#### INPUT DATA ####
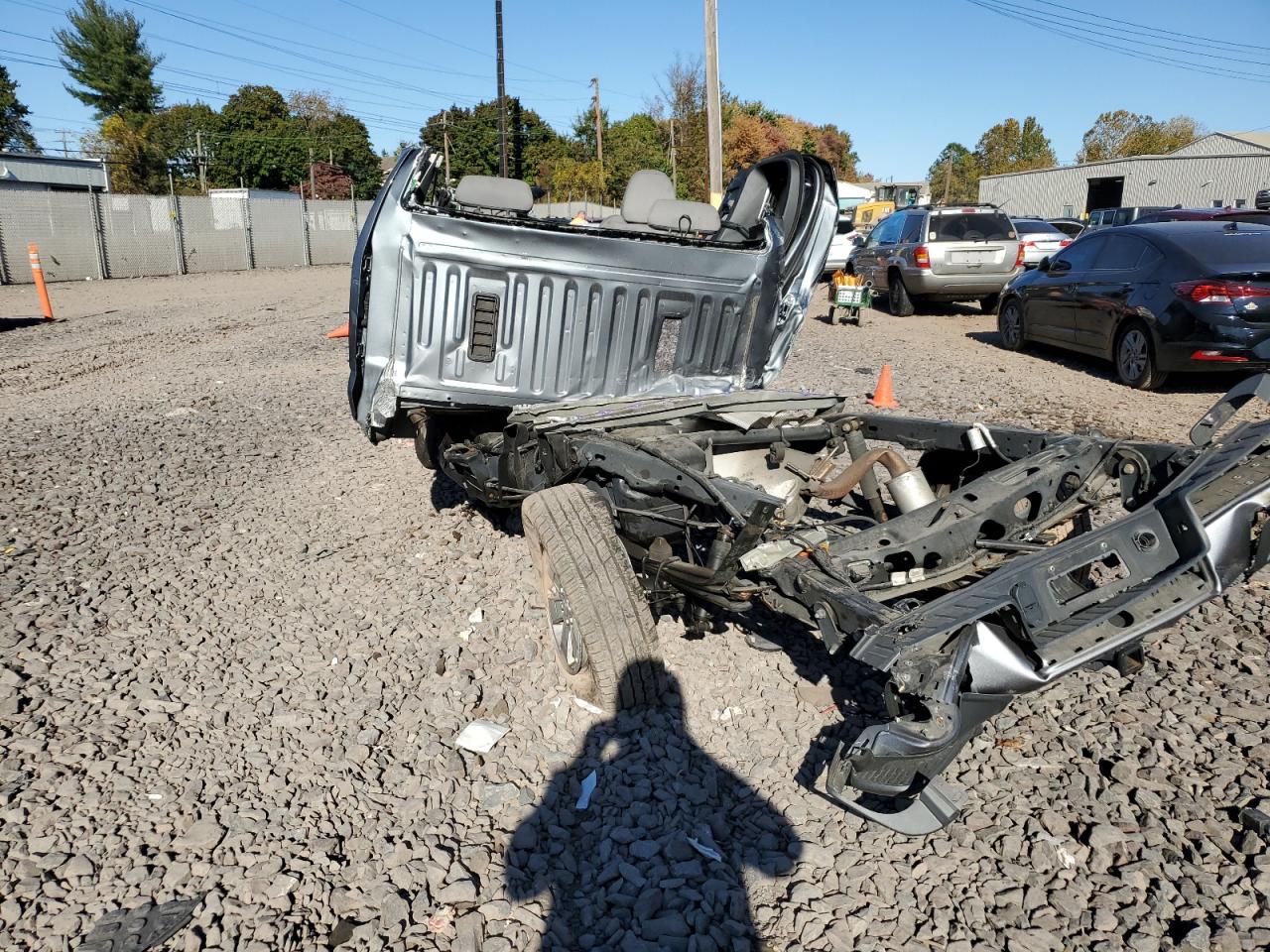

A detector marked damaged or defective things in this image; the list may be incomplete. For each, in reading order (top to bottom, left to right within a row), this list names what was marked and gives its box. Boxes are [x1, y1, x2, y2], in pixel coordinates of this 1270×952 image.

overturned silver truck [341, 147, 1270, 833]
damaged body panel [347, 151, 1270, 833]
exposed vehicle chassis [425, 377, 1270, 833]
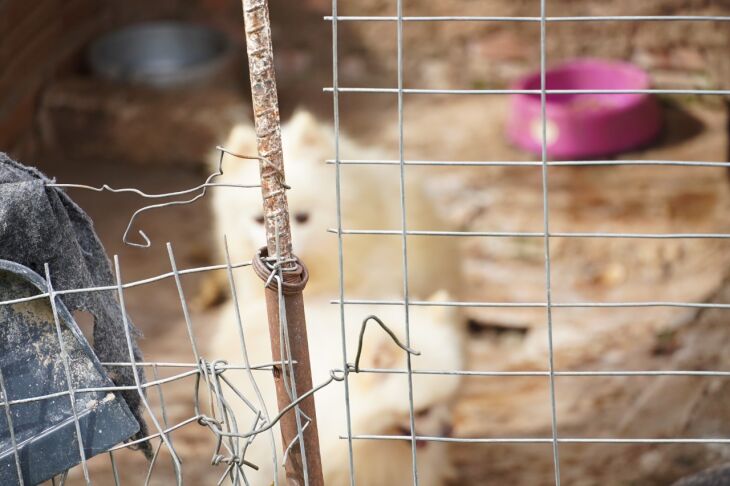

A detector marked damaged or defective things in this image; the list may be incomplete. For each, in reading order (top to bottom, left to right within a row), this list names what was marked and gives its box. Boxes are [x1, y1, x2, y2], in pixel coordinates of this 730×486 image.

rusty metal pole [240, 0, 322, 486]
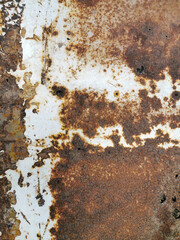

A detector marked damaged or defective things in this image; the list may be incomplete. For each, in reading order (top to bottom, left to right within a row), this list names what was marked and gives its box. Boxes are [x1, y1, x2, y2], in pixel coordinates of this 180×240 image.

brown rust stain [60, 0, 180, 83]
rust discoloration [62, 0, 179, 83]
brown rust stain [44, 86, 180, 238]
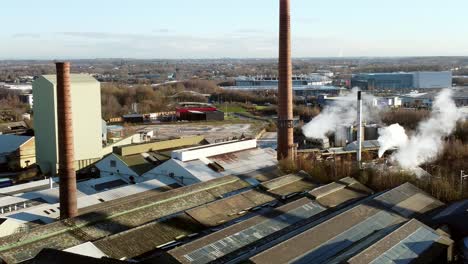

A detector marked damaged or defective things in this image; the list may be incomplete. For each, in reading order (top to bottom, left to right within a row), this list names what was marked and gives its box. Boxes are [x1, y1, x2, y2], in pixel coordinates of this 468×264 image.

rusty metal surface [56, 62, 78, 219]
rusty metal surface [278, 0, 296, 161]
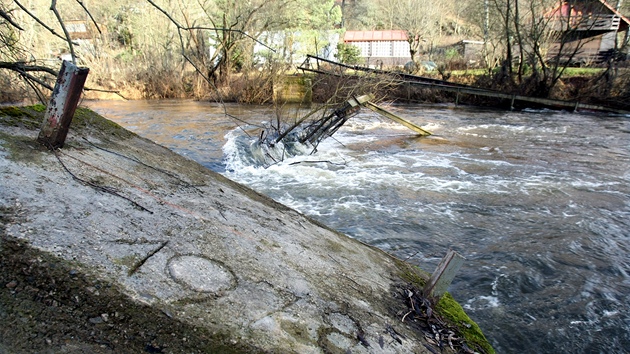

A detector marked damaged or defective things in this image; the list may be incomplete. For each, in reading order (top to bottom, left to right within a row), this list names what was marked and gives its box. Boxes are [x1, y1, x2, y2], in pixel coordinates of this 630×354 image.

rusty metal post [38, 60, 89, 149]
rusty metal post [424, 249, 464, 302]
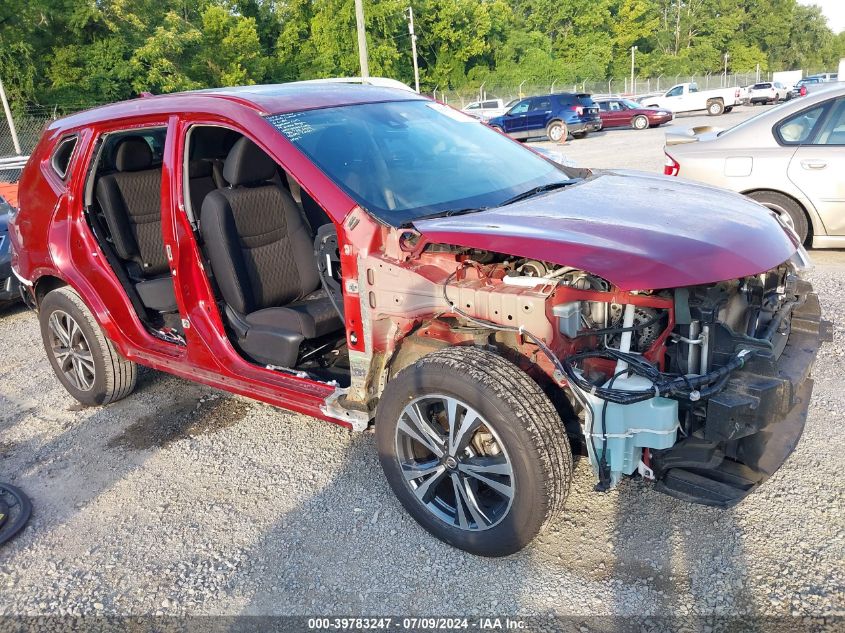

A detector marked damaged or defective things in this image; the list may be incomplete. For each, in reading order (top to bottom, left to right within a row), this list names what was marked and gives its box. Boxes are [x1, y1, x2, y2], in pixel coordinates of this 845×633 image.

damaged red suv [9, 82, 832, 552]
crumpled hood [416, 169, 796, 290]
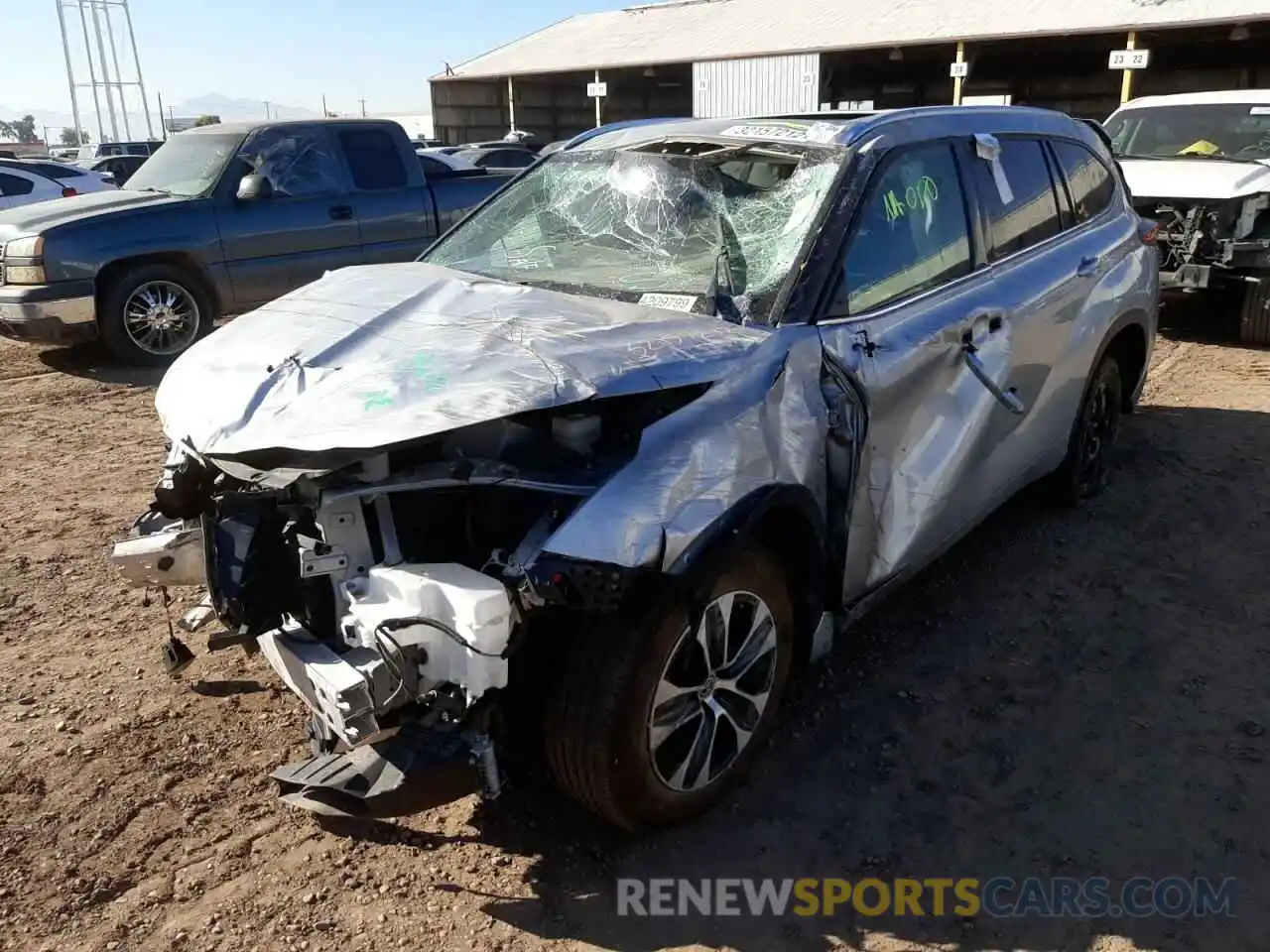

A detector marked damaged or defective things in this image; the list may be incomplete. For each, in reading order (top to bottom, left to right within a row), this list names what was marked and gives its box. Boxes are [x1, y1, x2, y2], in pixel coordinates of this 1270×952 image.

shattered windshield [125, 132, 244, 197]
shattered windshield [421, 143, 849, 323]
shattered windshield [1103, 103, 1270, 161]
crushed hood [1119, 157, 1270, 201]
crushed hood [159, 264, 774, 464]
crumpled passenger door [814, 140, 1032, 603]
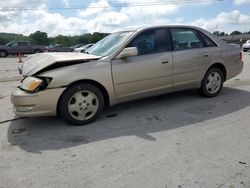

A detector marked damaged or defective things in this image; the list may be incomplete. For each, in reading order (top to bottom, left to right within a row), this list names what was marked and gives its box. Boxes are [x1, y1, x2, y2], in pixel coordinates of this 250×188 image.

crumpled hood [20, 52, 101, 75]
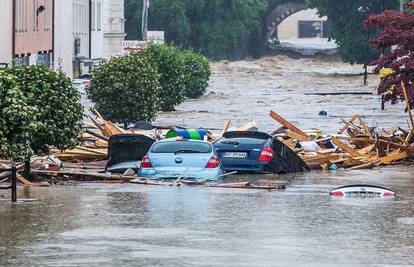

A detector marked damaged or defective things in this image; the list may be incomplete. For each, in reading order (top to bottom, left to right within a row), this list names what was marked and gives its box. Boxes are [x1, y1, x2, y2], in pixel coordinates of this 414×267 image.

splintered wood [268, 111, 414, 172]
####
> REQUIRED ACTION: Would you retype the lines from the line containing "this 250×188 image." to the final line of the entries above, exactly as given and without pictures?

> OUTPUT OF THE TASK:
A detector marked damaged or defective things in this image; the list may be incomplete. For each, in reading order (top to bottom, left to right within a row), this list names what was marked and gives its box. Boxes are [x1, y1, x2, y2], in pixel coordinates of this 250×188 image.

crumpled hood [20, 52, 101, 75]

A detector marked damaged or defective things in this image; the list may be incomplete. For each, in reading order (top to bottom, left to right within a row), this list names what was marked and gives its box. Boxes are [x1, y1, x2, y2], in pixel coordinates of this 414×267 image.

splintered wood [268, 111, 414, 172]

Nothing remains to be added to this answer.